Per la prima volta, uno studio condotto su ratti ha gettato nuova luce sul complesso funzionamento della nostra memoria, dimostrando che il nostro cervello è in realtà dotato di due diverse sezioni destinate a svolgere ruoli distinti in questo processo fondamentale. Questa rilevante scoperta è il risultato di una recente ricerca condotta da un team di scienziati presso la Cornell University.
L’ippocampo, una regione chiave del cervello associata alla memoria, svolge un ruolo cruciale, ma finora non era chiaro in che modo supportasse questa funzione vitale. I ricercatori hanno utilizzato tecniche avanzate di optogenetica per separare il ruolo dell’ippocampo in due funzioni di memoria ben distinte. La prima funzione riguarda la capacità di memorizzare associazioni tra tempo, luogo e ciò che è stato fatto, mentre la seconda consente di utilizzare queste memorie passate per prevedere e pianificare azioni future.
Il codice neuronale che controlla la creazione di associazioni si occupa di ricordare dettagli come il fatto che le mele vengono vendute in fondo alla strada al supermercato. Dall’altra parte, il secondo tipo di codice neuronale è predittivo e consente di utilizzare in modo flessibile la memoria per pianificare nuovi comportamenti in tempo reale. Questo è simile a quando, se segui sempre lo stesso percorso per raggiungere il supermercato, ma la strada viene chiusa, utilizzi una “mappa interna” memorizzata nella tua mente per prevedere un nuovo percorso.

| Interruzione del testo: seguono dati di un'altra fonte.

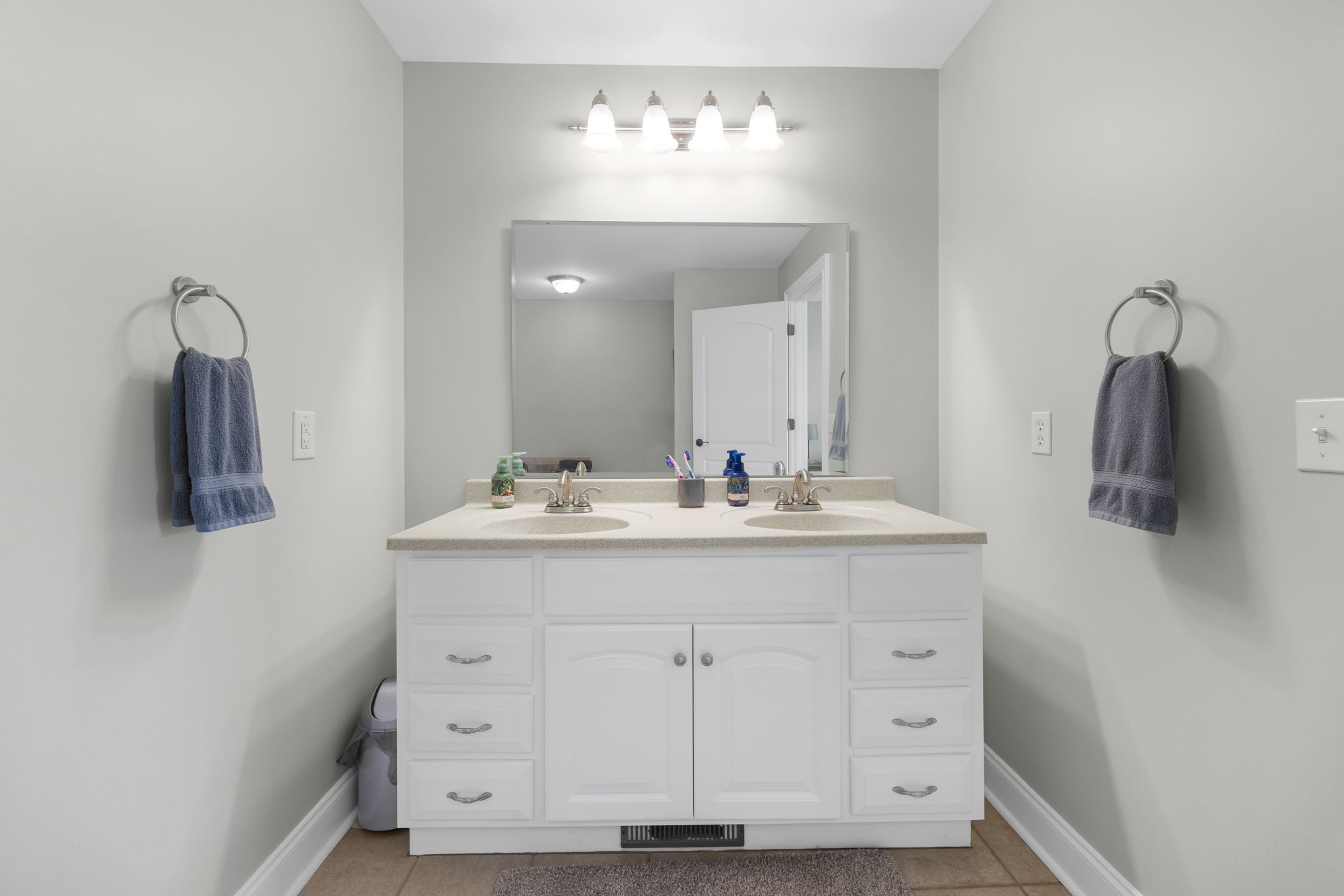 143 West Waters Edge-21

Le implicazioni di questa scoperta sono enormi, in quanto potrebbero aprire la strada a nuovi trattamenti per i problemi di memoria e di apprendimento associati a malattie neurodegenerative come la demenza e l’Alzheimer. La comprensione dettagliata del funzionamento dell’ippocampo nelle diverse funzioni di memoria è un passo importante verso lo sviluppo di terapie mirate.

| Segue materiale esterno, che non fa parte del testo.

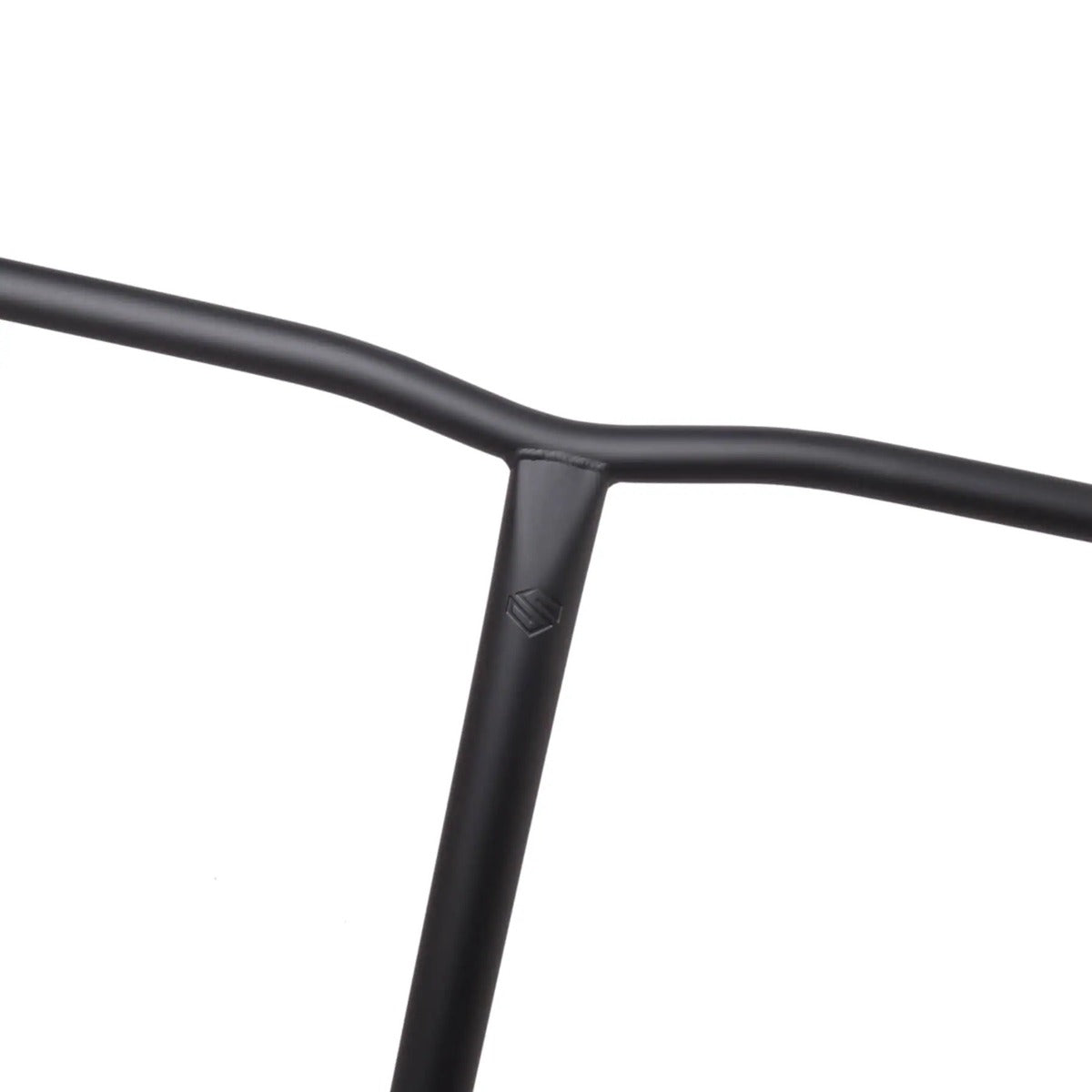 Řidítka Striker Steeltanium Bend 600 Black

La ricerca è stata condotta utilizzando elettrodi per monitorare l’attività di molti neuroni simultaneamente nel cervello di topi, consentendo un’osservazione dettagliata del processo. Inoltre, l’optogenetica è stata utilizzata per controllare l’attività dei neuroni con grande precisione. Questo coinvolgeva l’iniezione di un virus nel cervello dei topi, che infettava i neuroni, permettendo loro di esprimere una proteina artificiale in grado di attivare o silenziare i neuroni quando veniva emessa luce all’interno del cervello.

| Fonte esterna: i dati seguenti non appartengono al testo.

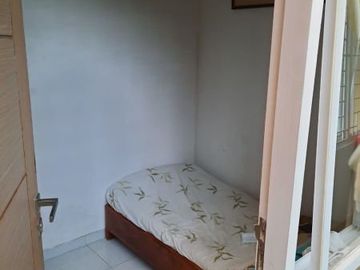 Rumah 2 Lantai, SHM, Asri dan Nyaman di Bukit Cinere Indah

Un esperimento chiave ha dimostrato che, mentre i topi erano in grado di apprendere un percorso con una ricompensa alla fine, la memoria non si “aggiustava” se venivano indotti a commettere errori. Tuttavia, dopo il sonno, i topi erano in grado di ricordare i punti di partenza e arrivo, ma non il percorso da seguire per raggiungere la ricompensa. Questo ha suggerito che il cervello ripete sequenze di attività neuronale durante il sonno, contribuendo alla consolidazione della memoria.
L’articolo scientifico contenente questi risultati è stato pubblicato il 20 ottobre su Science.